[Records for the exercise]

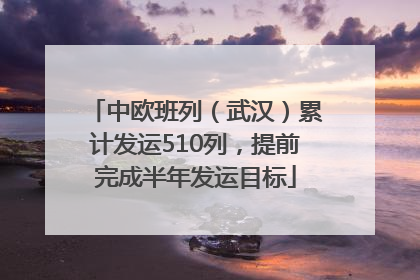 中欧班列（武汉）累计发运510列，提前完成半年发运目标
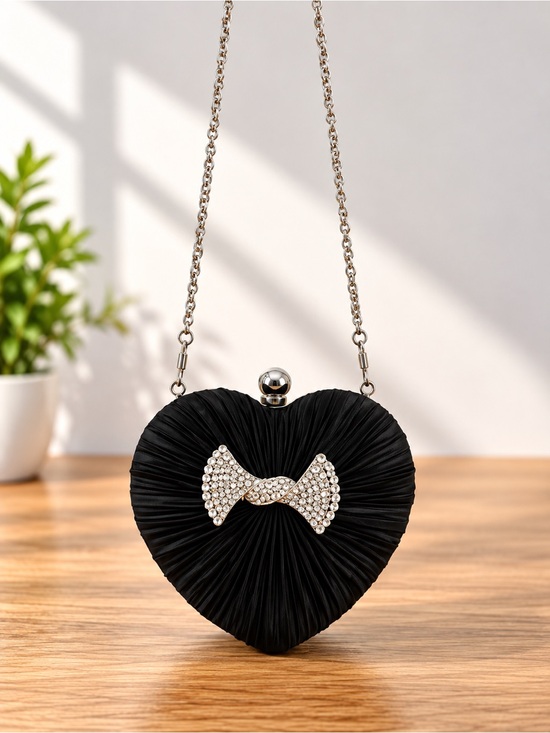 Unbranded Handbags - Black Heart Rhinestone Evening Clutch Crossbody Party Purse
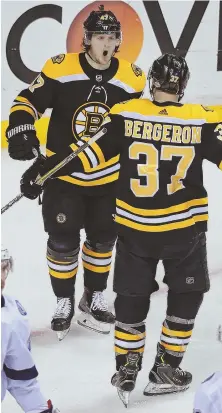  ?? STAFF FILE PHOTO BY MATT WEST ?? BIG LOSS: Torey Krug (center) wasn’t expected to play tonight after suffering an ugly ankle injury in Game 4, and was officially ruled out for the series.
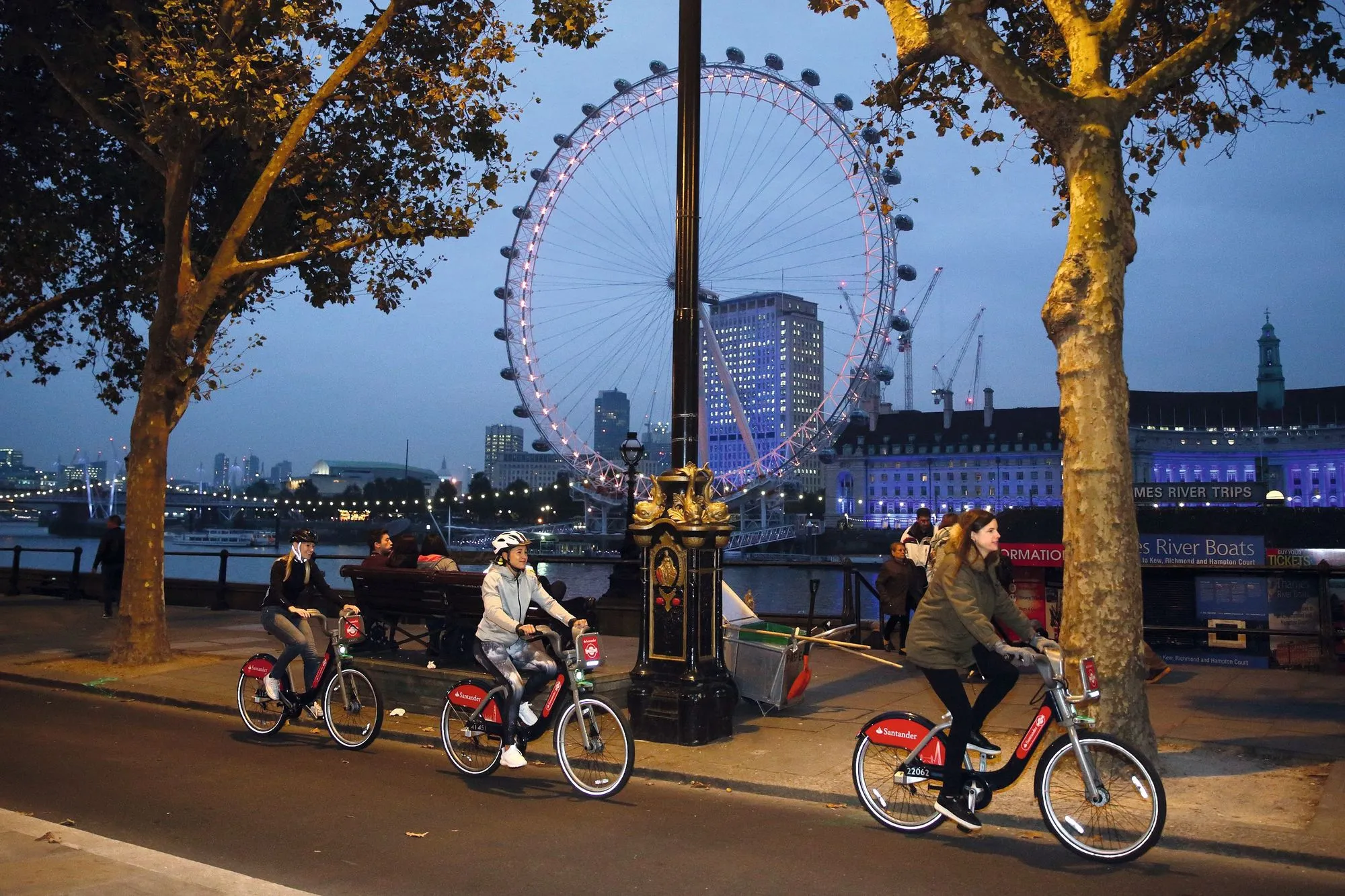 Cyclists on the cycle superhighway near the London Eye, 2016.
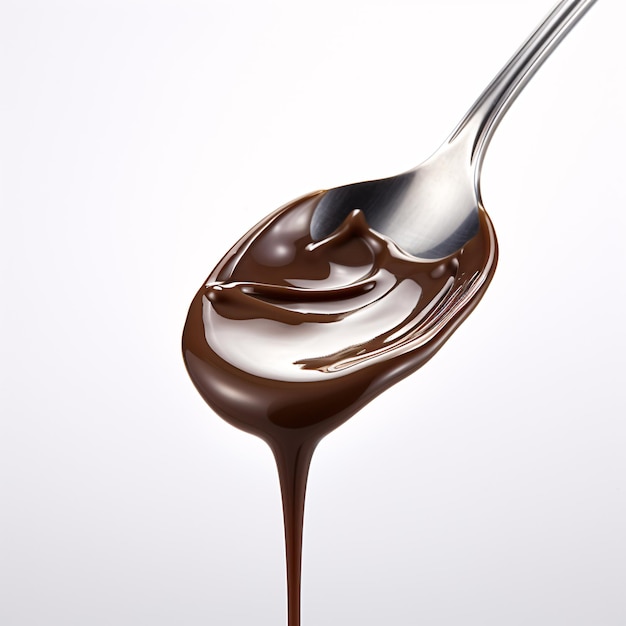 Danza de luces y sombras, remolinos de crema de chocolate contra un fondo luminoso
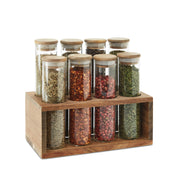 Especiero de cristal y madera natural acacia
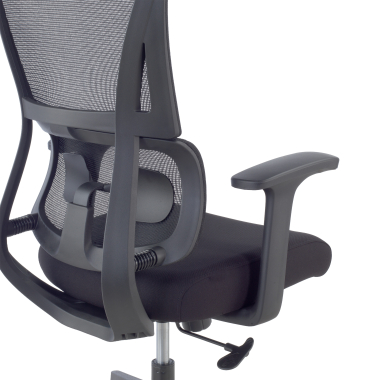 sedia ergonomica nero senza poggiatesta tessuto braccioli fissi doppio supporto lombare 13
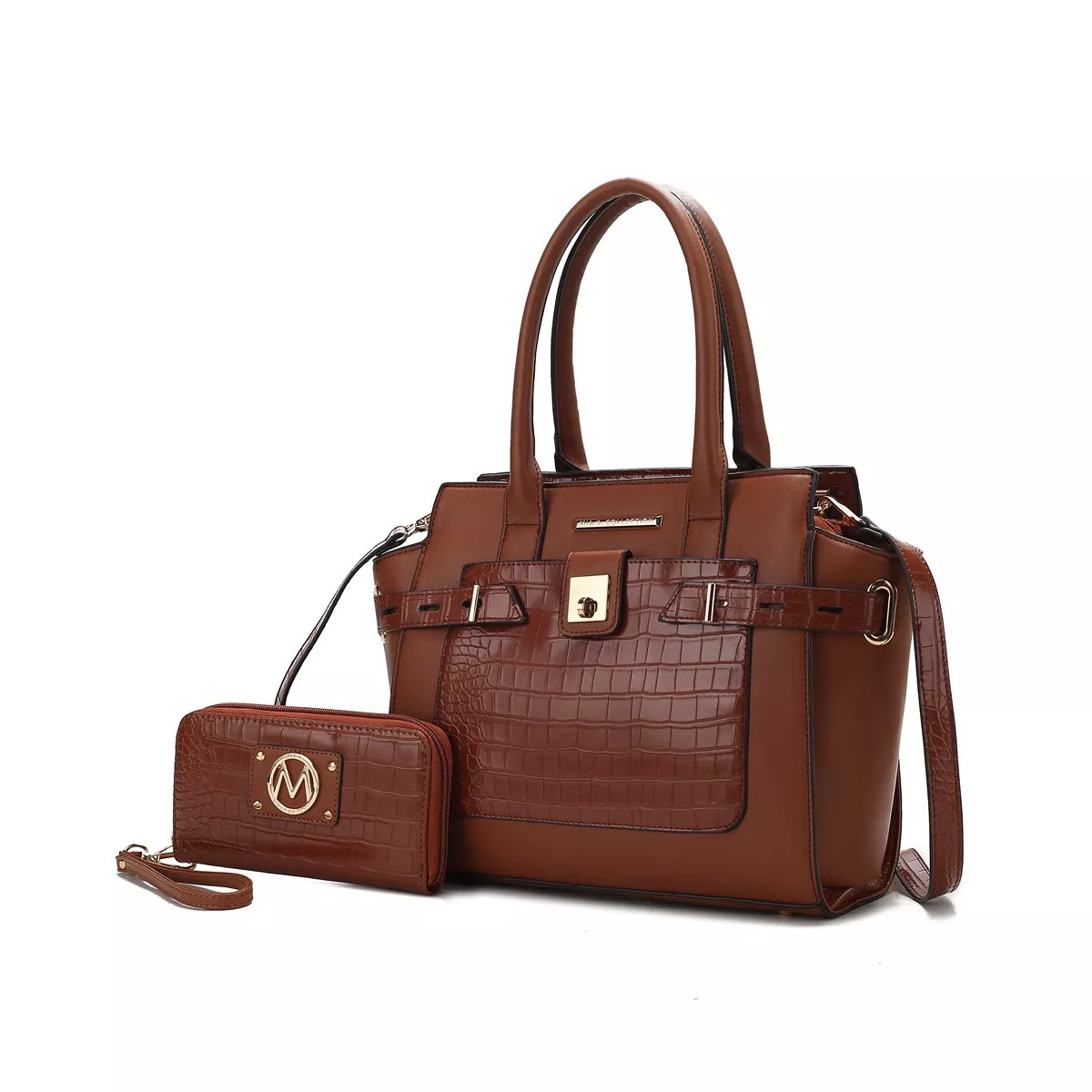 MKF Collection Isla Crocodile Embossed Women’s Satchel Bag with wallet by Mia K | Target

[/Records for the exercise]

- Your objective: What you need to retype is every line from the one that has "Especiero de cristal y madera natural acacia" through the last line of the listing, both included, with the pictures left out.

- Response to this task:
 Especiero de cristal y madera natural acacia
 sedia ergonomica nero senza poggiatesta tessuto braccioli fissi doppio supporto lombare 13
 MKF Collection Isla Crocodile Embossed Women’s Satchel Bag with wallet by Mia K | Target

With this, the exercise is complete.